Species number 9 above, Calantica moskalevi from Axial Seamount, is somewhat uncomfortably situated between the generalized and advanced members of the genus. This is due to the variable occurrence of the CL2 versus an otherwise relatively generalized, Scillaelepas- like facies. What may have been the primordial CL2s were seen in the juveniles described by Zevina and Galkin (1989: cf. Fig. 5 View FIGURE 5 ) and again in two of the 10 mature specimens reported upon herein (Figs 8, 9).
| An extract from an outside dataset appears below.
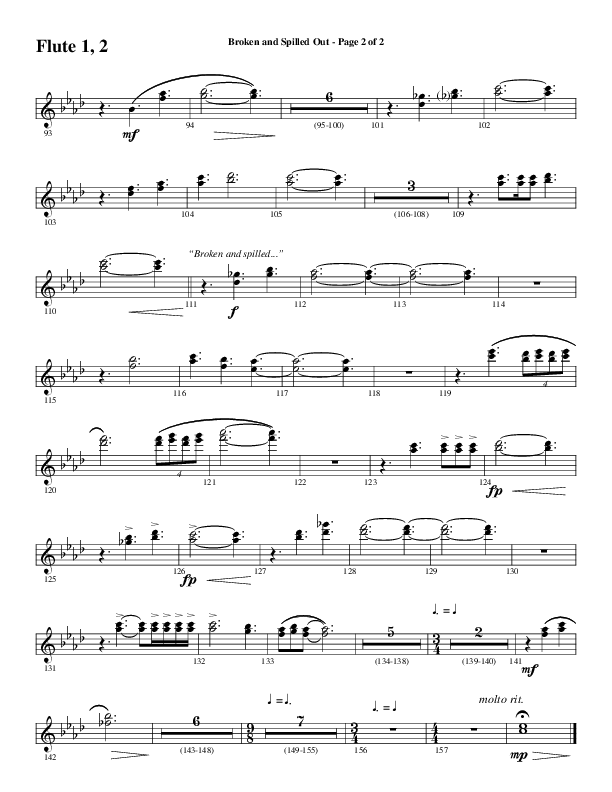 Broken And Spilled Out (Choral Anthem SATB) Flute 1/2 (Word Music Choral / Arr. Marty Hamby)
The facts, that 1) the mature specimen with but one CL2 as well as that with two came from the same clump as the otherwise rather similar appearing specimens and 2) there are no other species of Calantica known in the entire Central as well as Eastern Pacific, leaves little doubt the difference is due to variability rather than to a mistaken identification. While we are unaware of such variability having been previously reported in Calantica , more or less comparable variations involving 1) the SRs were noted in Gruvelialepas pilsbryi ( Gruvel, 1911) , (cf. Newman 1980), 2) an additional CL and SC in Newmanilepas Zevina and Yakhontova, 1987 ( Newman, 1993: 405) , and 3) the number of L in Smilium spinosa ( Quoy and Gaimard, 1834) ( Foster 1979: 40) that have been observed. While the examples of the delayed addition of plates suggest that the CL2s of C. moskalevi might possibly appear later in ontogeny, the fact that some of the specimens without them appear as old if not older than the specimen having them renders that unlikely.
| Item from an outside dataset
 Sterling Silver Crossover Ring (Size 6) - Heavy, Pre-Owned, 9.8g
Zevina and Galkin (1998) assigned the specimens to Calantica with a parenthetical question mark of caution, “ Calantica (?) moskalevi ”, and they reported it as within 10 to 30 m of vents in the caldera of Axial Seamount at 45° 55.7’ N, 130° 02.3’ W and 45° 55.5’ N, 130° 01.6’W at depths of 1410 m and 1540 m, respectively. The two juveniles, upon which the description was based, were designated the holotype and paratype, and measured 4.3 and 2.8 mm in height, respectively ( Fig. 7 View FIGURE 7 ). A description of the adult form follows.
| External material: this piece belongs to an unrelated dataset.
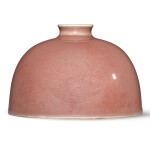A peachbloom-glazed 'beehive' waterpot, Kangxi mark and period | 清康熙 豇豆紅釉團龍紋太白尊  《大清康熙年製》款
FIGURE 6. The capitular plates of Calantica can be divided into three more or less arbitrary whorls; 1, S-T; 2, R-C; and 3, RL- L-CL-SC (scutum, tergum, rostrum, carina, rostrolatus, latus, carinolatus and subcarina, respectively), sometimes supplemented by a subrostrum, or second latus or second carinolatus, (SR or L2 or CL2), respectively. The same three whorls are typical of Scillaelepas , which differs in not having supplementary capitular plates other than sometime a subrostrum or two, and in having proportionately larger peduncular plates not covered with a relatively thick cuticle.

The authors note “One scale on each side …” (more or less at the capitulo-pedunclar junction). These can be seen in the holotype (A and B) and on one side of the paratype (F). See discussion herein re the apparent significance of these scales.